China positioniert sich im Streit um Jerusalem. Das Land befürwortet die Gründung eines unabhängigen palästinensischen Staates mit Ost-Jerusalem als Hauptstadt und ruft Israelis und Palästinenser zu Friedensgesprächen auf.

Donald Trump findet, dass Jerusalem die Hauptstadt von Israel ist. Und jetzt hat sich auch China zu diesem Thema gemeldet: Das Land hat sich für einen eigenen palästinensischen Staat ausgesprochen mit Ost-Jerusalem als Hauptstadt. Klingt für uns vielleicht noch etwas ungewöhnlich, dass China jetzt auch im Nahen Osten mitmischt, ist es aber gar nicht. China sieht sich längst als Supermacht, als Player, der weltweit mitspielt.

China mischt mit

Wir beobachten seit geraumer Zeit, dass China seine globale Rolle, die dem Land ohnehin durch seine Wirtschaftsleistung zuwächst, nun auch sehr aktiv wahrnimmt und sich in Konflikte einmischt. Das sagt Eberhard Sandschneider, Politikwissenschaftler und Ostasienexperte an der FU Berlin. Bisher hatte sich China sorgsam aus diese Konflikten herausgehalten.

"China mischt sich ein, und tut das auch durchaus im Kontrast zu den Vereinigten Staaten."
Eberhard Sandschneider, Politikwissenschaftler und Ostasienexperte an der FU Berlin

China hat ein sehr großes Interesse daran, das weltpolitische Stabilität erhalten bleibt.
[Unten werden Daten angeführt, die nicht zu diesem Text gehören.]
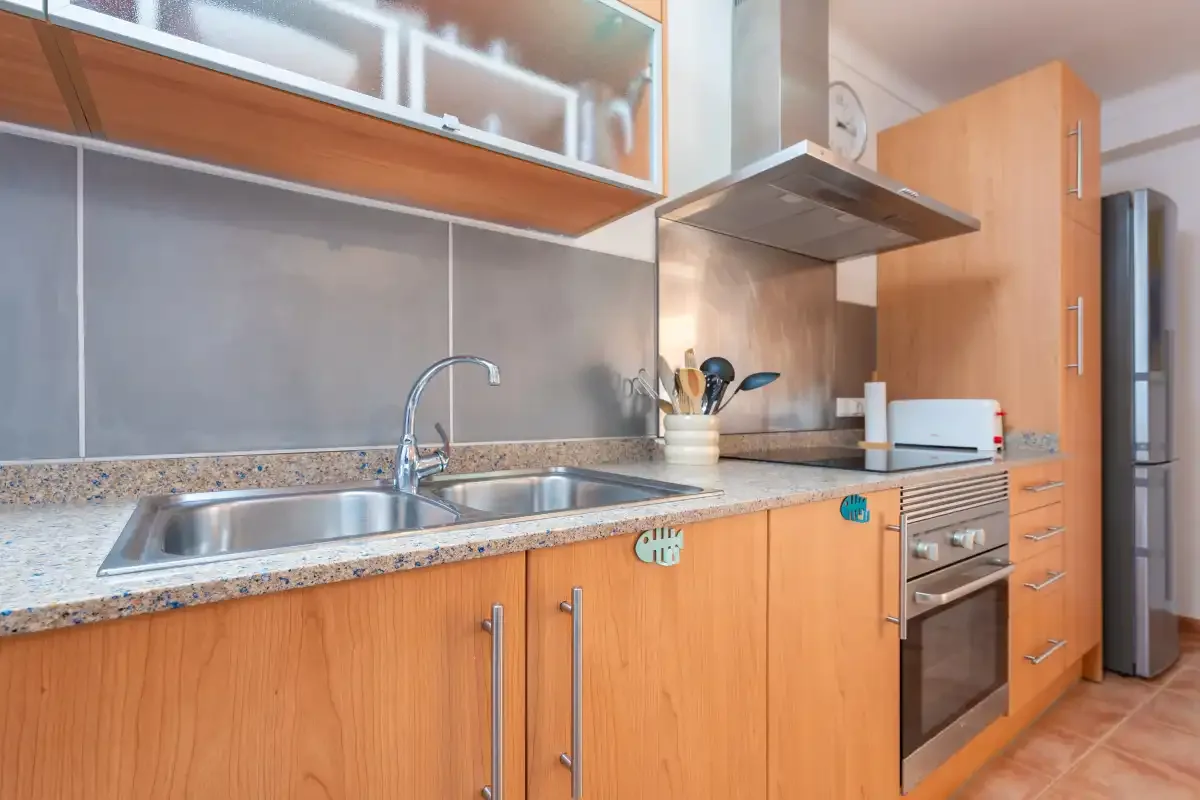 Una cocina con fregadero, encimera y horno integrado.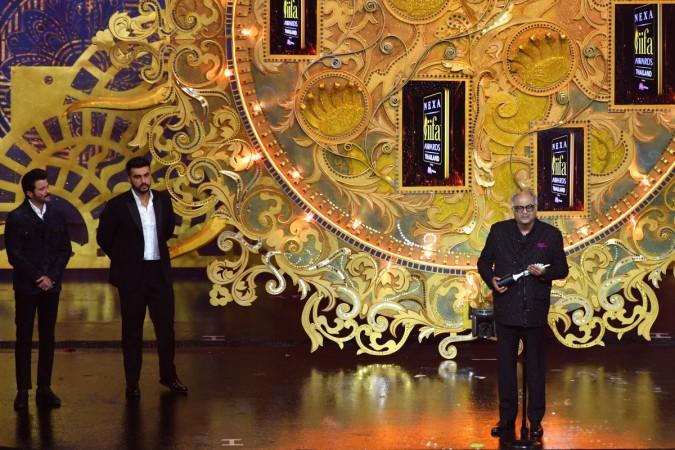 Bollywood film producer Boney Kapoor (R) receives the award in behalf of his late wife and actress Sridevi for her contribution to Indian cinema while Anil Kapoor (L) and Arjun Kapoor (2nd-L) looks on during the IIFA Awards IIFA Awards 2018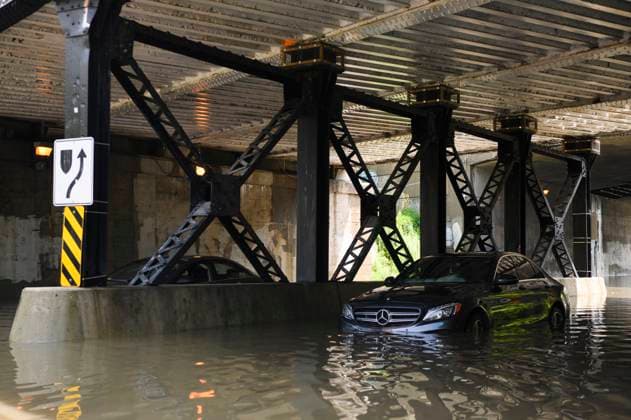 July 16, 2024, Toronto, On, Canada: Emergency services respond to submerged vehicles at an underpass at Parkside Drive and Lake Shore Blvd., after heavy rain caused flooding, in Toronto on Tuesday, July 16, 2024. Toronto Canada  - ZUMAc35_ 20240716_zaf_c35_043 Copyright: xChristopherxKatsarovx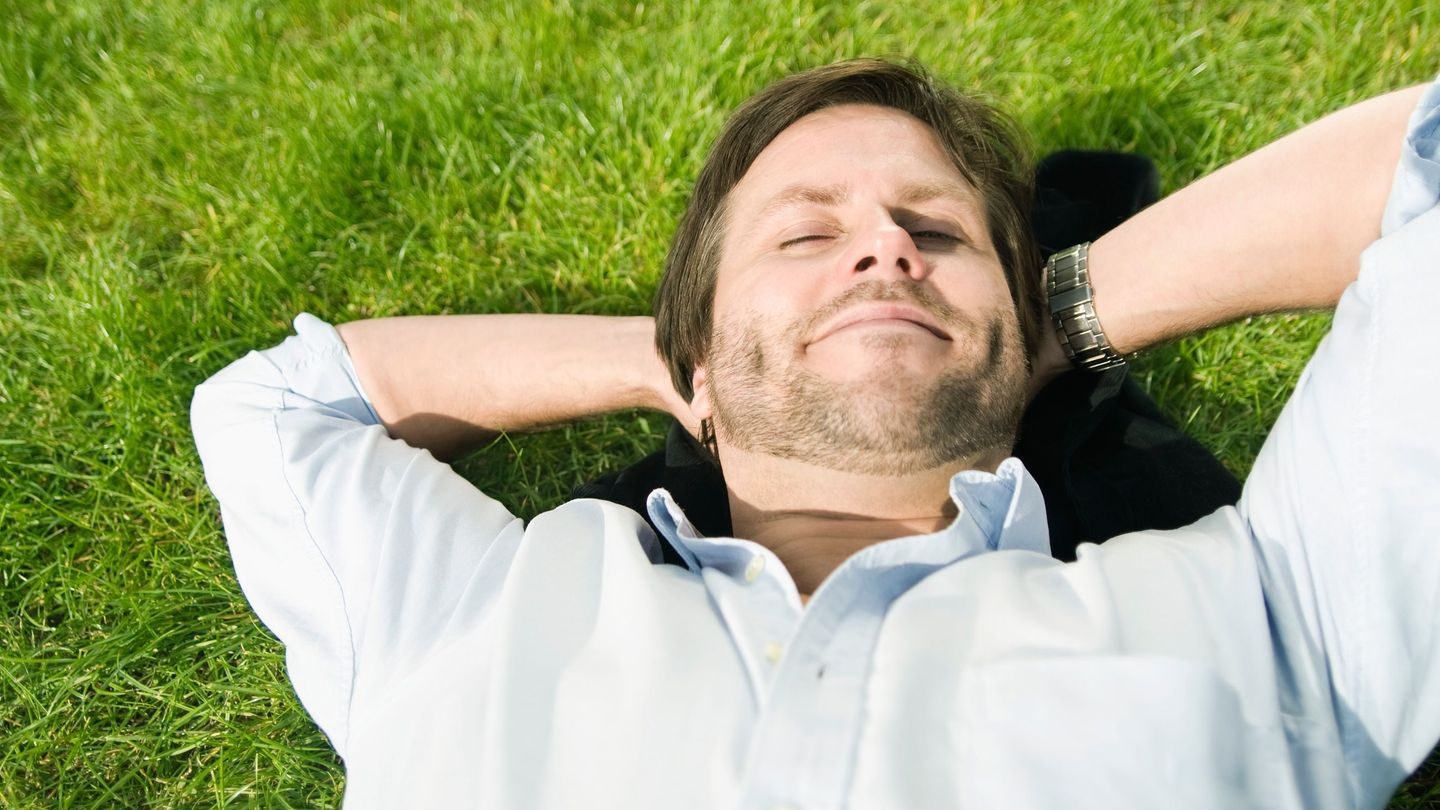 Pauser: Mann ligger i gresset og slapper av.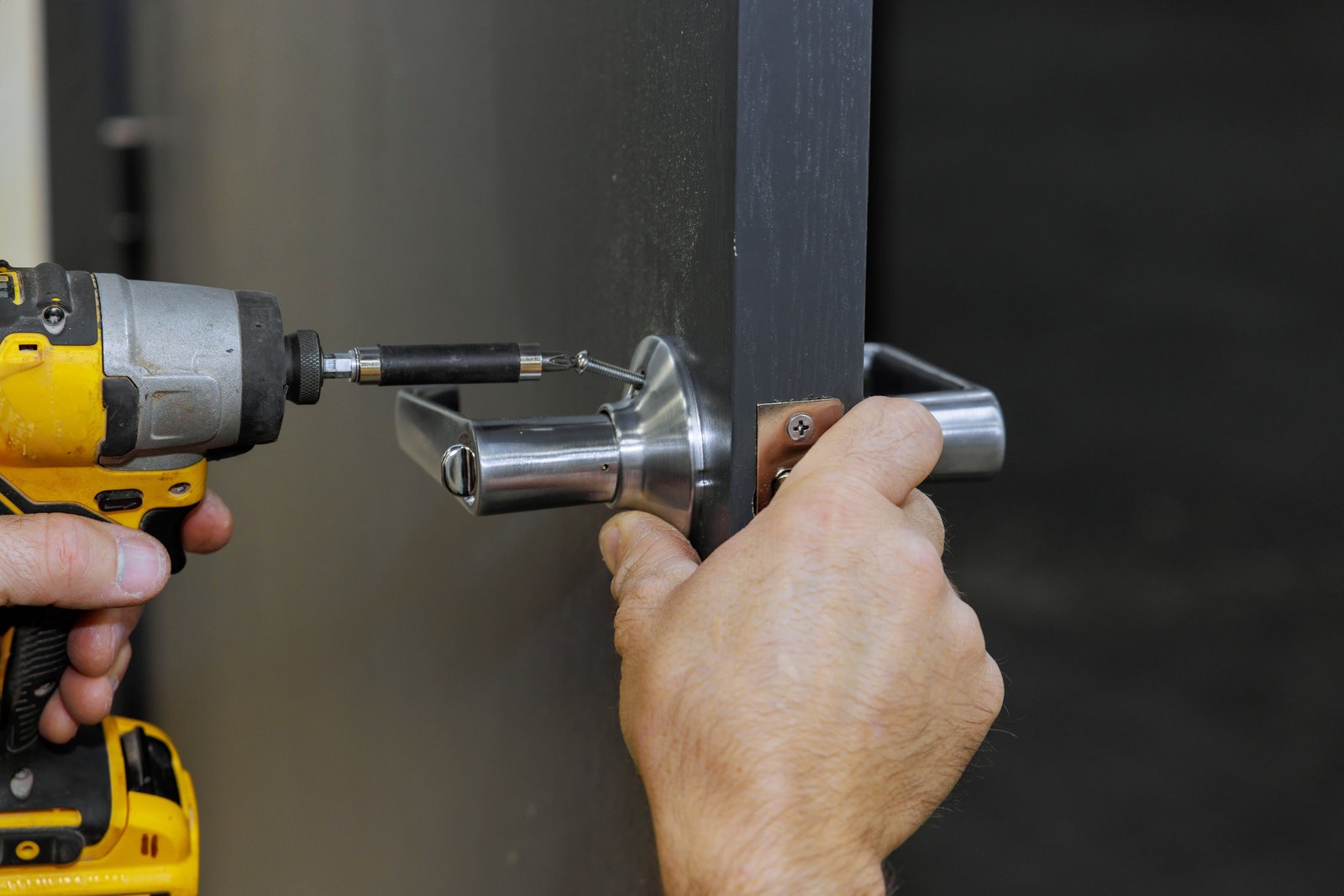 A hand using a drill to fit a lever handle mechanism into a dark door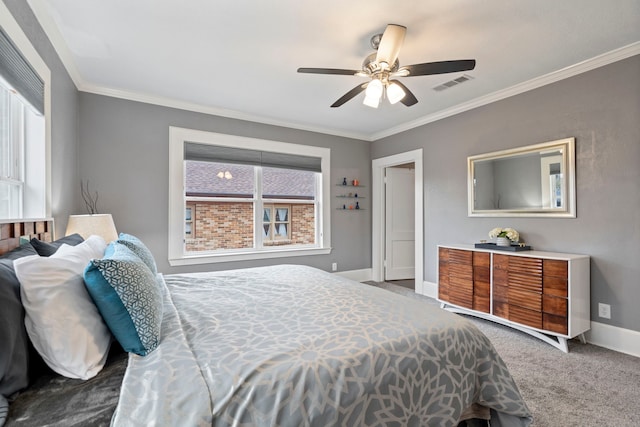 carpeted bedroom featuring baseboards, visible vents, ceiling fan, and ornamental molding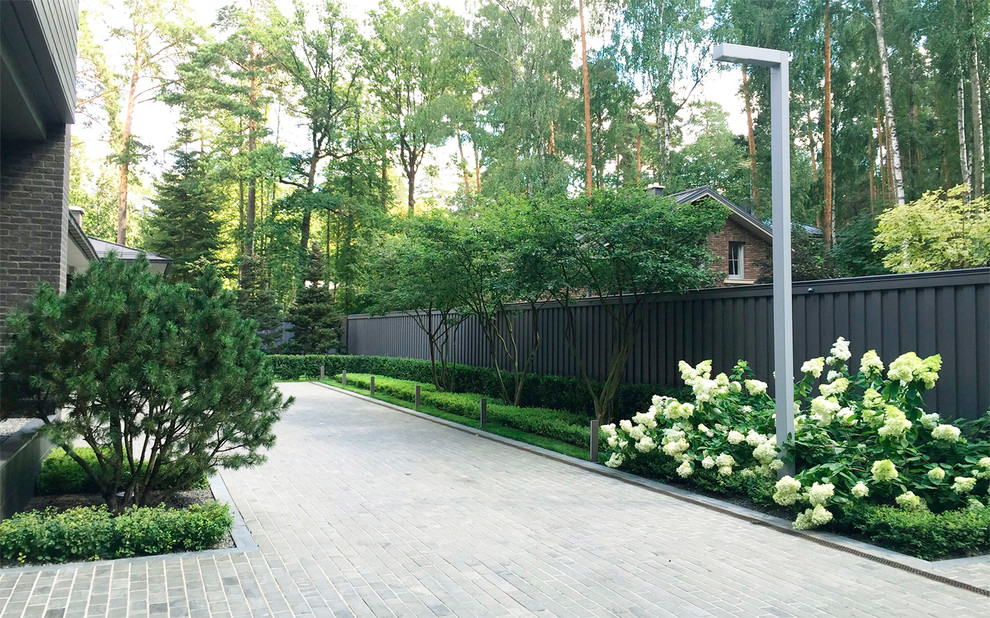 Идея дизайна: летний регулярный сад на переднем дворе в стиле неоклассика (современная классика) с полуденной тенью и покрытием из каменной брусчатки
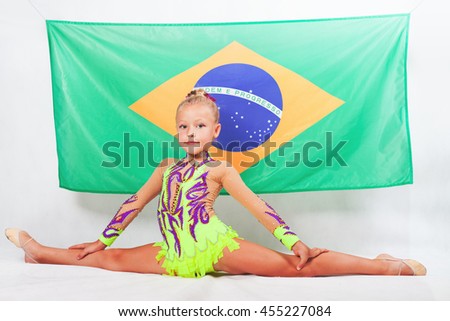 Girl doing artistic gymnastics element, split. Compete in individual events. Balance. Brazilian flag at the white background. Brazil fan support. Gymnastics program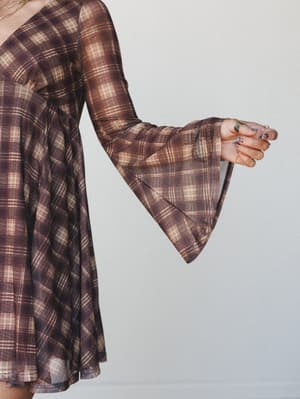 A close-cropped shot of a flowy plaid mini dress in warm brown and cream, with a dramatic bell sleeve and stacked rings on the model's hand giving it that effortlessly vintage, free-spirited feel.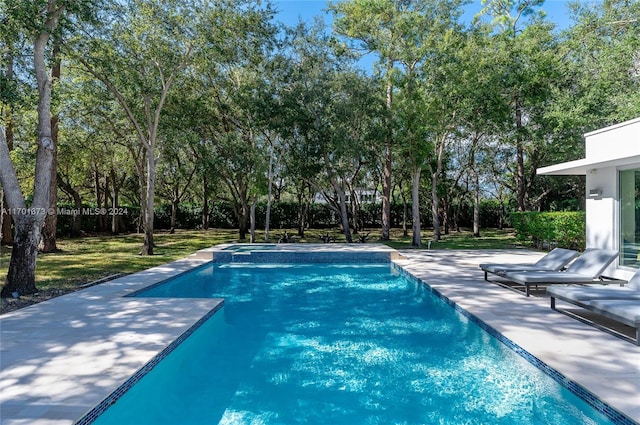 6301 SW 114th St, Pinecrest, FL 33156 - view of swimming pool with a patio area, a pool with connected hot tub, view of scattered trees, and a yard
Und mischt sich deswegen ein, wenn es glaubt, dass diese Stabilität gefährdet ist.

Im Vergleich zu Trumps "America First", sagt auch China "China first". Zum Beispiel gibt es die Initiative, die Seidenstraße wiederzubeleben – und damit den Einfluss auf den gesamten eurasischen Kontinent auszudehnen.

"Donald Trump ist ein perfekter Präsident. Bedauerlicherweise nur für die Interessen Chinas."
Eberhard Sandschneider, Politikwissenschaftler und Ostasienexperte an der FU Berlin

Mit diplomatischen Schachzügen fordert China die USA heraus und bringt sich als Weltmacht des 21. Jahrhunderts in Stellung. Zum Beispiel  findet China derzeit für den Westen die Worte, die alle hören wollen, sagt Sandschneider, allerdings lasse das Land nicht immer unbedingt Taten folgen.

Überall dort wo Amerika sich zurückzieht – sei es politisch oder wirtschaftlich - öffnet sich nun Platz für China. China spielt inzwischen überall mit – sie transferieren Arbeit nach Afrika, kaufen Unternehmen in Europa, investieren in die Infrastruktur.

Und China mischt sich auch schon in die europäische Politik ein. Zum Beispiel beim 16 plus 1 Gipfel, der vor Kurzem stattgefunden hat. "Das sind 16 mittel- und osteuropäische Länder. Davon sind Zehn Mitglied in der EU. Die machen mit China eine eigene Infrastrukturpolitik – ohne dass Brüssel dabei eine Rolle spielt", sagt Sandschneider.

"China ist längst in Europa angekommen."
Eberhard Sandschneider, Politikwissenschaftler und Ostasienexperte an der FU Berlin

Das Problem: Das Ganze kann uns nicht egal sein, weil wir trotz allem mit den USA eine größere Schnittmenge an Werten und Interessen haben. Das ist mit China nicht so. China ist ein kommunistisches System, es ist eine Autokratie und hat mit Demokratie nichts am Hut, sagt Eberhard Sandschneider.